這臺機器買的很貴,為了湊足這條生產線,盛悠然都花了將近三十萬的美金。

沒辦法,這個時代,很多精創技術,都掌握在外國人手裏,想買他們的生產線就是這麽貴。

一些淘汰下來的報廢機,也能買。

就是不能用來生產纖維布料,八十年代流行的的確良,在五十年代的港城也是屬於創新布料,機器都是專門為此研發的。
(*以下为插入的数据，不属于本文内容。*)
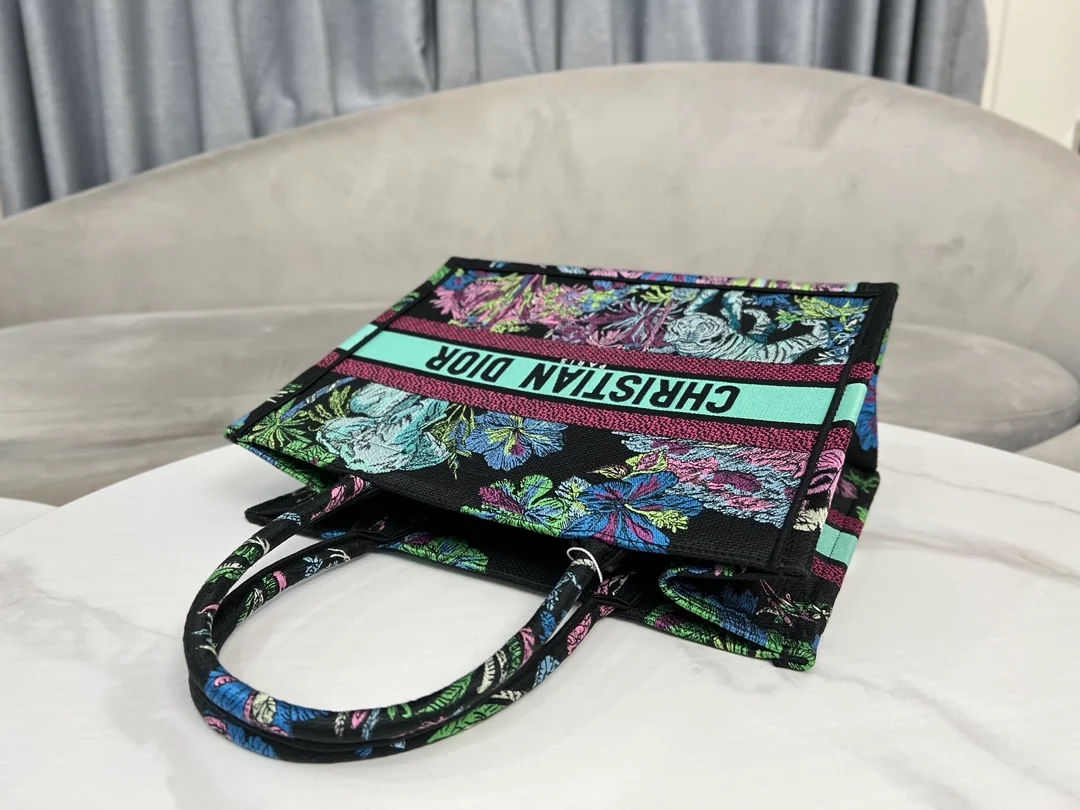 디올 멀티 컬러 북 토트 미디움 백 그린 앤 퍼플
盛悠然雖然在前世看過很多生產改良的技術資料,但是讓她手搓一條龐大的生產線,顯然是不可能的。

好在段樹宏很專業,少了盛總很多麻煩。

“但現在有個問題,就是機器雖然買來了,但是維修技術外國佬卻牢牢私藏把控著。”段樹宏告訴盛悠然,如果機器以後出了問題,只能請外國的維修專家來更換。

價錢高不說,還好包來回的船票和維修專家的衣食住行。

維修價格也很高,修一次,至少要5萬港幣。

因為新設計出來的劍桿織機,和盛悠然設計出來的電動縫紉機不同。

縫紉機問世已久,很多維修師傅,拆一下看看就能生產出一模一樣的。

可是劍桿織機最近才問世,除了生產商家,外面的人根本沒見過,更別說修和生產山寨機了。